Give again, unaltered, the lines of the listing below that run from the line having "Green Organic Texture" through the line having "2 PCS Under".

**Information shown:**
────────────────

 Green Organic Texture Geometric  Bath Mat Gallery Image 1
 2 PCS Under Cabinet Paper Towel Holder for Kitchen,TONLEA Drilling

────────────────

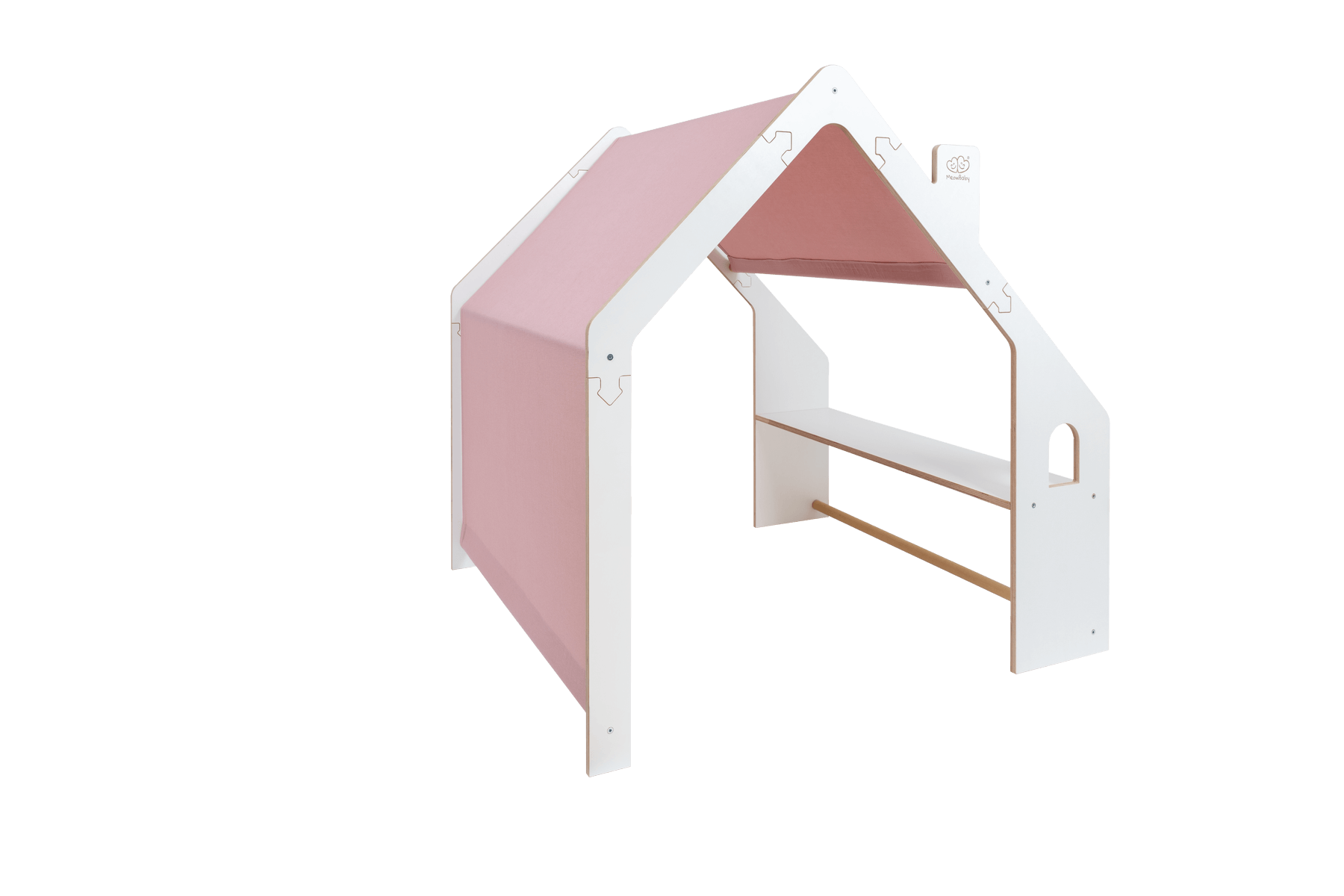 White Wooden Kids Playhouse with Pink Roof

────────────────

**Your response:**
 Green Organic Texture Geometric  Bath Mat Gallery Image 1
 2 PCS Under Cabinet Paper Towel Holder for Kitchen,TONLEA Drilling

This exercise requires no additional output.